10 temple de Ninurta

11 temple de Belit-Nina

12 Temple d’Adad

13 Temple de Shamash

             Notons tout de suite que Babylone se dit en sumérien= Ka.Dingir.Ra  

Ka = porte, Dingir = dieu, Ra = ra (hk)        « On remarque que le HK est disparu, on sait que le « a » est un complément et le « R » répète la fin du mot Dingir ».

        Personnellement, je doute de cette signification de Ra; et je rapproche plutôt le AHK final de l’AHK égyptien, ajoutant, en surplus, le KA avant Dingir; sans oublier le RA final dont le « A » a disparu. De sorte que seulement dans ce simple nom de Babylone, nous retrouvons trois liens culturels avec la civilisation égyptienne.  C’est énorme !  Et ça ne devrait pas être minimisé.  Mais revenons à notre sujet.

        On découvre trois petits temples qui sont séparés des autres par le cours de l’Euphrate.  Ils se trouvent tous les trois sur le côté Ouest du fleuve.  Ce sont les temples de Belit-Nina, Hadad et Shamash.

 Du côté Est de l’Euphrate on trouve :

La Ziggourat

Le temple de Ninmah

Le temple d’Ishtar

Le temple de Mardouk

Le temple de Gula

Le temple de Ninurta

        On a vu, dans l’Enuma Elish, que Mardouk aménage Anu, Enlil et Éa dans la ziggurat; ce qui nous donne trois planètes de classées; on devrait dire de «logées». 

        Autour de la ziggurat on détermine 5 autres temples qui totalisent 8 temples ou dans notre parallèle, 8 objets célestes

       Nous obtenons donc, le Soleil plus les 7 planètes principales de notre système solaire : Venus, Terre, Mars, Jupiter, Saturne, Uranus et Neptune.  Ensuite, on se trouve au bord de l’Euphrate qui sépare ces premiers temples et la ziggourat de trois autres temples plus petits.  Ces temples sont donc de moindre importance et sont classés à part des autres.  Ils répondent exactement à la classification de l’Enuma Elish qui considère Mercure (Mummu) et Pluton (Gaga) comme des ministres ou des envoyés; ainsi que la lune Quingu qui, elle aussi, était ministre… de Tiamat.  Les ministres des dieux sont définitivement d’une autre classe que les dieux eux-mêmes.  Aucune ineptie dans cette façon de voir les choses.

        Une chose, cependant, est curieuse.  Nous retrouvons un temple construit pour Marduk lorsque dans l’Enuma Elish il n’est fait aucune mention d’un temple construit pour Marduk.  Au contraire, il y est clair que c’était l’ensemble de tous les temples qui était considéré comme le sanctuaire de Marduk.  On appelle l’ensemble, l’Ésagil; où chacun des autres grands-dieux avaient leur habitacle individuel où ils pouvaient se reposer lorsqu’une assemblée était convoquée.  L’attribution de ce temple à Marduk a dû se faire lors de la construction de la ville nouvelle. Anciennement ce temple devait être dédié à un autre «dieux».

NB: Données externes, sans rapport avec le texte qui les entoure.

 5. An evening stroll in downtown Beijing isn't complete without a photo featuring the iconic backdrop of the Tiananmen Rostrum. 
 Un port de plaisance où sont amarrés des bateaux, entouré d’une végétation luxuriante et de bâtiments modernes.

        L’ensemble du «projet» réalisé totalise donc 8 temples plus trois aménagements.  Résultat : 11 dieux, c’est à dire 11 objets célestes incluant le Soleil sont représentés, excluant Marduk.  Lorsqu’on considère l’ensemble comme l’Ésagil représentant le «sanctuaire de Marduk», on obtient le total final des objets célestes de : 12.

        Cela nous crée, cependant, un petit problème de rien du tout : Nous ne connaissons que 11 objets célestes importants dans notre système solaire.  De plus, l’original de ce texte date de plus de 2 000 ans av.J.C. et Uranus n’a été découvert qu’au 18e siècle, Neptune en 1846 et Pluton en 1930. 

        Il serait vraiment plus confortable pour notre égo d’hommes les plus connaissant de l’histoire de l’humanité que l’Enuma Elish ne soit exclusivement dédié qu’à mousser le culte de Marduk; parce qu’alors, les questions fusent.  Nous comprenons donc assez bien le besoin d’insister sur cette partie de l’Enuma Elish que démontrent M. Bottero et M. Kramer; mais est-ce honnête intellectuellement ?  La question reste posée.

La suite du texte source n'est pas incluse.